For those following this blog who are not familiar with the EMBA program, perhaps I should take a few seconds to explain what we are doing in Poland and why. As part of our “International Business Seminar,” we take an international trip to see up close how international businesses and multi-national companies operate. While we are here, we will also be given our own client for whom we will provide a report on how to improve their business. This part of the trip comes toward the end of the week. Before we get there, the goal is to learn as much as possible about how business is done in Poland.
Day 1: Travel
Despite some travel delays and lost baggage, the spirit of the RIT crew doesn’t seem to be dampened. We are staying in the gorgeous Polonia Palace Hotel right in the center of downtown Warsaw, and even though we have only been in town for a few hours, we managed to get in a solid welcome dinner at the “Bistro” restaurant in old town. Although many of us have been up for anywhere from 24 to 32 hours, everyone is excited to start digging into the itinerary tomorrow.
Day 2: Learning about American commerce
After getting some much-needed sleep, the RIT crew started off the trip with an official visit to the American Embassy where we learned about the Polish business climate. The main takeaway was that what people think of as the old “black and white” Poland of the past is not reflective of the current infrastructure.
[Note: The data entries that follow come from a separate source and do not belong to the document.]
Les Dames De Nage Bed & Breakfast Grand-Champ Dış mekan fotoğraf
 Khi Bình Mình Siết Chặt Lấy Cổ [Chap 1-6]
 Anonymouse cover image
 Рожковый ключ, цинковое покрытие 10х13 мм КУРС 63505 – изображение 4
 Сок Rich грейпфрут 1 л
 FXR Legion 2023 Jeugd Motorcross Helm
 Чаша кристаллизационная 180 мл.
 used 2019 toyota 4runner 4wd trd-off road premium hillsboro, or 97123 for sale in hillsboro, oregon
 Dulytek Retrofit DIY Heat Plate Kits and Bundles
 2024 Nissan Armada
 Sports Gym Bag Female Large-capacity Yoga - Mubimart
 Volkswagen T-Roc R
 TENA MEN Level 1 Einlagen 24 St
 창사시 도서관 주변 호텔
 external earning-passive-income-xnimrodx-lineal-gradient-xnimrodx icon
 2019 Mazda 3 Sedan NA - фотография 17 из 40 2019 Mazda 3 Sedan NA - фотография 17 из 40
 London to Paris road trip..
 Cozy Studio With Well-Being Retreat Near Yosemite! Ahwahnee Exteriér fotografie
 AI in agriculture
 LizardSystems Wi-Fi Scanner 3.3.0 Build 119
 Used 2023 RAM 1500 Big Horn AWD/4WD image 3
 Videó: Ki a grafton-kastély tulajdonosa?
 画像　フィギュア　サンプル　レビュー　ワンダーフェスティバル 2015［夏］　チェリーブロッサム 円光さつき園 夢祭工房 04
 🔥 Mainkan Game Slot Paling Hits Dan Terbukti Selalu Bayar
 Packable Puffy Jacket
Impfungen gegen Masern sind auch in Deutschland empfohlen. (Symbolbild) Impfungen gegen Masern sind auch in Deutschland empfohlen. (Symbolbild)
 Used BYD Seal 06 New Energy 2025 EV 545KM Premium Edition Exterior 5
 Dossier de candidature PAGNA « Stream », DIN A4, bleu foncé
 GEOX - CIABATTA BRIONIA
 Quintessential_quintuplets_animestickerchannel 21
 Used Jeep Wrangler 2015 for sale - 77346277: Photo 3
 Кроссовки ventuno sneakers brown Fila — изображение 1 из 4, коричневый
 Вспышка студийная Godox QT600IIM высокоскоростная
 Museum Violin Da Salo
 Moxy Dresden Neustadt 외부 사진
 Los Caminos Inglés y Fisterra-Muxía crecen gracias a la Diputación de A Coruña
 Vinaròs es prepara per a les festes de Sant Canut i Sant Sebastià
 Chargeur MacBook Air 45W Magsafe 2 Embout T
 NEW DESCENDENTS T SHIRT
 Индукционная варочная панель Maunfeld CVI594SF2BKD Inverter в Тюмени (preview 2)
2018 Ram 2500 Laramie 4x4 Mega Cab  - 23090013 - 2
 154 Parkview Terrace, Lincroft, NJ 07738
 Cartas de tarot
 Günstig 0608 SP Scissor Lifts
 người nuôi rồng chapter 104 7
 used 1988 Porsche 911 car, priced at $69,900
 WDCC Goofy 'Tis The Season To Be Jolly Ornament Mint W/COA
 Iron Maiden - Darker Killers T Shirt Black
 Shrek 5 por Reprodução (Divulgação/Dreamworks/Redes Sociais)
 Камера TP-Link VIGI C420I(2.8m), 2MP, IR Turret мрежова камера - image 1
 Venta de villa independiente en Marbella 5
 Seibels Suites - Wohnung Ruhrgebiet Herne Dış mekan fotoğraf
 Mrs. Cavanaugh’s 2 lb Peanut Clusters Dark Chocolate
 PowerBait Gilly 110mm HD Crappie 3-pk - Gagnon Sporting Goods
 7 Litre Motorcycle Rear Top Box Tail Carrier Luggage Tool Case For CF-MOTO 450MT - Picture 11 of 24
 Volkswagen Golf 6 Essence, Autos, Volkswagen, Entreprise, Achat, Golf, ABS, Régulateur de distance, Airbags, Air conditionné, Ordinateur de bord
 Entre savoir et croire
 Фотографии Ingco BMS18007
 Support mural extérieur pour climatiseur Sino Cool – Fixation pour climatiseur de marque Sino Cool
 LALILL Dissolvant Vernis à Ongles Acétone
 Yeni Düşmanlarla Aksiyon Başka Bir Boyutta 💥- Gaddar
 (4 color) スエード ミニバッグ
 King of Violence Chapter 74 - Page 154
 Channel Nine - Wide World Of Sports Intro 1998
Between private foreign investment and funds coming in from the EU, Poland’s economy has been growing at a pretty fast clip. In fact, over the last 23 years, they have not seen a recession – even when the rest of the western world was experiencing problems from 2007-09.
The next stop was the American Chamber of Commerce in the heart of the Warsaw financial district. Here we learned more about the cost of doing business abroad. Unlike US companies, Poland business has a tendency to be a little more formal and hierarchical as a result of Soviet occupation. While the cost of doing business is fairly low, we learned about the cultural and legal implications of overcoming some of these barriers. We also got to visit the 19th floor of one of the coolest downtown buildings!
We had the night to ourselves so a group of us decided to venture around town and ended up in one of the most gorgeous parts of the city. There was no shortage of restauranteurs trying to get our business, and it wasn’t until a guy in full Cossack attire came up to us and gave us a recommendation that we found some great food. While following a man with a sabre down a dark alley is probably not always the best idea, it ended up working out because we had some of the best pierogies and sausage ever!
Day 3: PZU and Orange Polska
Today our two visits were to PZU, an insurance agency, and Orange Polska (think the Verizon of Europe). After hearing a talk about the PZU business model, we had the opportunity to visit their call center floor outside of Warsaw.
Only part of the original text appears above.